TASK DESCRIPTION —
Word for word, restate the lines from the start of the data below through the line containing "Backpack, Bus, and".

RECORDS TO USE —
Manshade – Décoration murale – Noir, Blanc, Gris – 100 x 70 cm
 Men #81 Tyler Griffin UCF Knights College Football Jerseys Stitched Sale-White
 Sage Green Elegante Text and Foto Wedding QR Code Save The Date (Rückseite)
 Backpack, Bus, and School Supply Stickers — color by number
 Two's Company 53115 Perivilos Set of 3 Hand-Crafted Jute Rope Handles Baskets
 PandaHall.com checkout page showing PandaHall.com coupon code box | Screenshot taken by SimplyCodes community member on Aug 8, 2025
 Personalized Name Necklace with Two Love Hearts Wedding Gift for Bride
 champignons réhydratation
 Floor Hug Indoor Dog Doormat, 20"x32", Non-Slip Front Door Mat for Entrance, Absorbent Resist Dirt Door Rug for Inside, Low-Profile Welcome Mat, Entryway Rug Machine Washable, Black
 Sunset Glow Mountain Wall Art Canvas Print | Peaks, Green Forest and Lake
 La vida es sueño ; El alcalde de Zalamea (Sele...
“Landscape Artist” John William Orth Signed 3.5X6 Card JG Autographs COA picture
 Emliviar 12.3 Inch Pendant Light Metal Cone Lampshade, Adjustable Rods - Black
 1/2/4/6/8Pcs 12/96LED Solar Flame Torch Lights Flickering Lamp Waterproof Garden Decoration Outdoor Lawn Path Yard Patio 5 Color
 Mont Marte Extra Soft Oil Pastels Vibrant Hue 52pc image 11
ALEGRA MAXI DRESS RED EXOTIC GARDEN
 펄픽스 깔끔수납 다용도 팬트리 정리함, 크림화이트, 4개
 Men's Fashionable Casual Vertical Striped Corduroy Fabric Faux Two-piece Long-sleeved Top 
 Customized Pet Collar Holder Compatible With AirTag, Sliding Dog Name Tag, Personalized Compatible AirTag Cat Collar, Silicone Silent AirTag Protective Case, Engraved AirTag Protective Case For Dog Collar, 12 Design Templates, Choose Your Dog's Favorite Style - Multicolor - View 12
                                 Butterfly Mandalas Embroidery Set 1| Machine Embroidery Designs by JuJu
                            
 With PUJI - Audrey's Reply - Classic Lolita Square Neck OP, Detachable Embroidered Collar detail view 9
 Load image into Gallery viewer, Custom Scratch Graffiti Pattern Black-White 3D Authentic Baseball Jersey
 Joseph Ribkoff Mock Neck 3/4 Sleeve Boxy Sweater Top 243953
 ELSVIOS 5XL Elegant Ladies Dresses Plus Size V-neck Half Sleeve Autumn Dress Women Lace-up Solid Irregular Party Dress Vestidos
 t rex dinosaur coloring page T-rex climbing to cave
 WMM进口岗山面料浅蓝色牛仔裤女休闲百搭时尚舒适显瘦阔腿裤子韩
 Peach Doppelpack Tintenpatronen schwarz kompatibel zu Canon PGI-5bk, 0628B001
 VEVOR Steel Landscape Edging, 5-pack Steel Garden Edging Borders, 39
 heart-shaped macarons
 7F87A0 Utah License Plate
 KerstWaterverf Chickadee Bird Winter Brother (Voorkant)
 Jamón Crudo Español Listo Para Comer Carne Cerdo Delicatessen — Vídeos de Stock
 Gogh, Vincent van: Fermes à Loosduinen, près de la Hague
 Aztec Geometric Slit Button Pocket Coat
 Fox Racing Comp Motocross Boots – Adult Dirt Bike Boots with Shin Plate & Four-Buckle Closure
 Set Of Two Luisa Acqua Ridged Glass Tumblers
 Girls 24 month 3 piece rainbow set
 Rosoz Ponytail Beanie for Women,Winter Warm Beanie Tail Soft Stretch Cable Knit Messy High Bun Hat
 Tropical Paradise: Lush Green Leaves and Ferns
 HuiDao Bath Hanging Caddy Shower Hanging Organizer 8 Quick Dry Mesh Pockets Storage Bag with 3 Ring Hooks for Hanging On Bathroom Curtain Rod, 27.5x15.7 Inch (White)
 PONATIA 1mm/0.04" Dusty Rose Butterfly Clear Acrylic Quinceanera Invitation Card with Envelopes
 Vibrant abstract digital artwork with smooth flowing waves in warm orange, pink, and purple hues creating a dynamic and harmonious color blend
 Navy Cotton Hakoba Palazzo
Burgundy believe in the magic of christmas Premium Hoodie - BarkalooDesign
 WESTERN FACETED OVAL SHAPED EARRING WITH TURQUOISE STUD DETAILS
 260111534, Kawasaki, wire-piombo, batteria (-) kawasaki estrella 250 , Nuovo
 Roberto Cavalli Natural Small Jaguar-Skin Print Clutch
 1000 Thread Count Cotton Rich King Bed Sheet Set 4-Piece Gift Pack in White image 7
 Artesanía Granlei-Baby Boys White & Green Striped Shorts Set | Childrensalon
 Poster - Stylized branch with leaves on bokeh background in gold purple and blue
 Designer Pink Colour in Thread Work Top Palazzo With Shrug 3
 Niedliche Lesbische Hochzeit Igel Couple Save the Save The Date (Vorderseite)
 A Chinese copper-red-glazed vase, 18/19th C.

YOUR RESPONSE —
Manshade – Décoration murale – Noir, Blanc, Gris – 100 x 70 cm
 Men #81 Tyler Griffin UCF Knights College Football Jerseys Stitched Sale-White
 Sage Green Elegante Text and Foto Wedding QR Code Save The Date (Rückseite)
 Backpack, Bus, and School Supply Stickers — color by number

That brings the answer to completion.